What she really wanted to do was scream. Recent events had combined to give her the feeling there were snakes under the furniture, things ready to jump out at her. She tried to shake off the nervy, antsy mood, deciding she'd probably feel better not being alone. Besides, she liked Chad, so she said yes, why not a movie.

Chad had paid her a good deal of attention recently, which both pleased her and made her slightly uncomfortable. He was married. And though she wasn't even forty, doing without sex had not been a big problem for her. Sex with Bert had not been pleasurable for . . . well, for virtually their entire married life.

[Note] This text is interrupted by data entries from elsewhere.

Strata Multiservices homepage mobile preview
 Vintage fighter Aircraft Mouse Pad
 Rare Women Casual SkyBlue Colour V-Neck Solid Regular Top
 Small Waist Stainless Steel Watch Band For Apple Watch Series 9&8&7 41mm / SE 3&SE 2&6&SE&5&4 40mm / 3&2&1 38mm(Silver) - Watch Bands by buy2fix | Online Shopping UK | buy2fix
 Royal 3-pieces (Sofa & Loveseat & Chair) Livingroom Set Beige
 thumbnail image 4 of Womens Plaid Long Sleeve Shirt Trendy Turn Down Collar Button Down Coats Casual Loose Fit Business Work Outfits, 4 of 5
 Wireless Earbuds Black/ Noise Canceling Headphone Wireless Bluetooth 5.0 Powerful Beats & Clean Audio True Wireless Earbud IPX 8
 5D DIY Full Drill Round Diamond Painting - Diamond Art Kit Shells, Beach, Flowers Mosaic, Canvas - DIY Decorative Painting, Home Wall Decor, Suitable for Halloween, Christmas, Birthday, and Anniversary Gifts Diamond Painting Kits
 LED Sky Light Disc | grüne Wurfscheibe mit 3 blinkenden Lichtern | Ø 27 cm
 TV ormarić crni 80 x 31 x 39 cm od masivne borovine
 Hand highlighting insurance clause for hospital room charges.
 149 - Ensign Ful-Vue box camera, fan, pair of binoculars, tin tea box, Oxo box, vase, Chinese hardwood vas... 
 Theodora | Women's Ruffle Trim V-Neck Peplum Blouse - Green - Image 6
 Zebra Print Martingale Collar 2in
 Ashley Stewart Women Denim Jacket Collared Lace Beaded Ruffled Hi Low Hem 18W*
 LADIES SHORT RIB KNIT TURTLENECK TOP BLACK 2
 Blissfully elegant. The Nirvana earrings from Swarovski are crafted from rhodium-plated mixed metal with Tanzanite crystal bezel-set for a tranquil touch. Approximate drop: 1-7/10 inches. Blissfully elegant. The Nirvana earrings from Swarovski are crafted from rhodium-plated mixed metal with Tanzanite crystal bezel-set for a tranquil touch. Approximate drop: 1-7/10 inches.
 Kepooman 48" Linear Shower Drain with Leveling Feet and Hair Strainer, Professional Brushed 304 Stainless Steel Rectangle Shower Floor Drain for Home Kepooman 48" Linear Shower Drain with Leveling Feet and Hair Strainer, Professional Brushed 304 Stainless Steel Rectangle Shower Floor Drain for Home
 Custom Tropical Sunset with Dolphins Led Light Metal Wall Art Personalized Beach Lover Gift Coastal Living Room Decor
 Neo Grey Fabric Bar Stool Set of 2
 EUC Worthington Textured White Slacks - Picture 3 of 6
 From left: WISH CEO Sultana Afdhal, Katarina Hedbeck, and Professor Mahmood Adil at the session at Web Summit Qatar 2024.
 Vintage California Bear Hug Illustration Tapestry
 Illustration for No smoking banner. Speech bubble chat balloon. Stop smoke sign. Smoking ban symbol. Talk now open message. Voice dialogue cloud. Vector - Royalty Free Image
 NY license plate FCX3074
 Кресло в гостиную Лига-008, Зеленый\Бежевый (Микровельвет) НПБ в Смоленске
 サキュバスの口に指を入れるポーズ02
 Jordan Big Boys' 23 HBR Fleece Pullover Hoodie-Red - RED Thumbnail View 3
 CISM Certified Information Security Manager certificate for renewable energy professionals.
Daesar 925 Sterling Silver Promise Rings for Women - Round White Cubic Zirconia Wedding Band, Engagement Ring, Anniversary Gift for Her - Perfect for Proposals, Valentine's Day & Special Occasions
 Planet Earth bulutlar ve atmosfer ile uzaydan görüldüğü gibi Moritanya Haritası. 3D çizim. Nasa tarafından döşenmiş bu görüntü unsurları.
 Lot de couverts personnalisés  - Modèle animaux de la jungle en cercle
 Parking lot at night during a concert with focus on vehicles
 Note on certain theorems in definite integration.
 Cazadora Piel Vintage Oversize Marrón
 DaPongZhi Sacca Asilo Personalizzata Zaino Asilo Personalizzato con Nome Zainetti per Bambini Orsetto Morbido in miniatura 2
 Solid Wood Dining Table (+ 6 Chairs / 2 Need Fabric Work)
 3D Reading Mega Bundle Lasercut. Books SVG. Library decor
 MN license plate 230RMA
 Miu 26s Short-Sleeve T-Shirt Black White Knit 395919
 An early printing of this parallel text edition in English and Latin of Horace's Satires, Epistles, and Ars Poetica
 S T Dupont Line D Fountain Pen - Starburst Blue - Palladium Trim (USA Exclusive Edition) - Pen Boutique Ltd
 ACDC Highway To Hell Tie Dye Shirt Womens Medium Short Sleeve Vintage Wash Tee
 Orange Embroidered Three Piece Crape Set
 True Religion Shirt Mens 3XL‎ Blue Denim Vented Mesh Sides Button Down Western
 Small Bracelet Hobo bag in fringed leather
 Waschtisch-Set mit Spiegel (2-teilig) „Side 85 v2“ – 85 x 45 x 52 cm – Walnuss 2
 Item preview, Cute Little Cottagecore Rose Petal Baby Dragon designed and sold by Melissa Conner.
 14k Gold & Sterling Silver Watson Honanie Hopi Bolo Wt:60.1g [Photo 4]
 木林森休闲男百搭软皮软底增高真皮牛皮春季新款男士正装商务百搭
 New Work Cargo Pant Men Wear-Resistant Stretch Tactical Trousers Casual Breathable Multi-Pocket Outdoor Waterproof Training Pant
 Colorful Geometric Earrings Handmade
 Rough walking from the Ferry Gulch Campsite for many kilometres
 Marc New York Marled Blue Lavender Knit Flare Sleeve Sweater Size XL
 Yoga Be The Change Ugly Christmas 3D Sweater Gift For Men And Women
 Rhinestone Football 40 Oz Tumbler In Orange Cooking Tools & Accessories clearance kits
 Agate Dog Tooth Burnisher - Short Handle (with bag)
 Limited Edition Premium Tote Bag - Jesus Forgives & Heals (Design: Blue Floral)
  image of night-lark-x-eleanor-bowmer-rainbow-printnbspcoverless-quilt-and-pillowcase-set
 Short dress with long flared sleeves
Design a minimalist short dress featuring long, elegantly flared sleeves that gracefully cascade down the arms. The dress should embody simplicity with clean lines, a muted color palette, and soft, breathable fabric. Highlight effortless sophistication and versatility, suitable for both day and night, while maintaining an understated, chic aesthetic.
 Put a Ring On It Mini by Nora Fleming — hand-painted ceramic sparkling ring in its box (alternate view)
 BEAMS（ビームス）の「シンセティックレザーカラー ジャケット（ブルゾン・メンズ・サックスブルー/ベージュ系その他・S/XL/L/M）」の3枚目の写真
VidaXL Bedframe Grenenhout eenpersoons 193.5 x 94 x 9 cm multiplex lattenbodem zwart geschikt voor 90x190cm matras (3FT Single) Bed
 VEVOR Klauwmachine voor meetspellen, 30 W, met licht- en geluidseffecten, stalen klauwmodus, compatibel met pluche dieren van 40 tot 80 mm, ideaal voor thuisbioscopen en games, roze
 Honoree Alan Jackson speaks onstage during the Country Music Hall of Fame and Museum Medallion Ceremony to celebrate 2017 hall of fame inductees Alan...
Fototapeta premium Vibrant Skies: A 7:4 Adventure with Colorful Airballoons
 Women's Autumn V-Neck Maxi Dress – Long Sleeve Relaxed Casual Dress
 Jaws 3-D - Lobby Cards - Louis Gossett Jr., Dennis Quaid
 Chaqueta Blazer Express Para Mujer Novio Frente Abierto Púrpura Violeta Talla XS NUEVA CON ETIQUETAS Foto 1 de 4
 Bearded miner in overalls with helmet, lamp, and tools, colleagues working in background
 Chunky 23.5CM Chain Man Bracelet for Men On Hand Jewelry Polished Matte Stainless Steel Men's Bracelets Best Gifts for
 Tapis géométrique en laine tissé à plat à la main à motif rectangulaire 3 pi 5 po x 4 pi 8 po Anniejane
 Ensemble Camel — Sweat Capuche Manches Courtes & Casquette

She found it hard to understand how she had convinced herself she loved him, way back when. Of course, he'd been young, and he hadn't been the big drinker he turned out to be within two or three years, by which time she had been grateful to be let alone. So, when a man was nice to her, complimentary, as Chad was, and kind in his attentions, it was nice but it also made her apprehensive, as though enjoying the attention, any of it, might be equivalent to committing herself to something unearned, forbidden, or inappropriate. Not that Chad had made a single gesture in that direction, but he was a thoughtful, intelligent man, and as she kept reminding herself, being alone with a thoughtful, intelligent man wasn't something she was used to.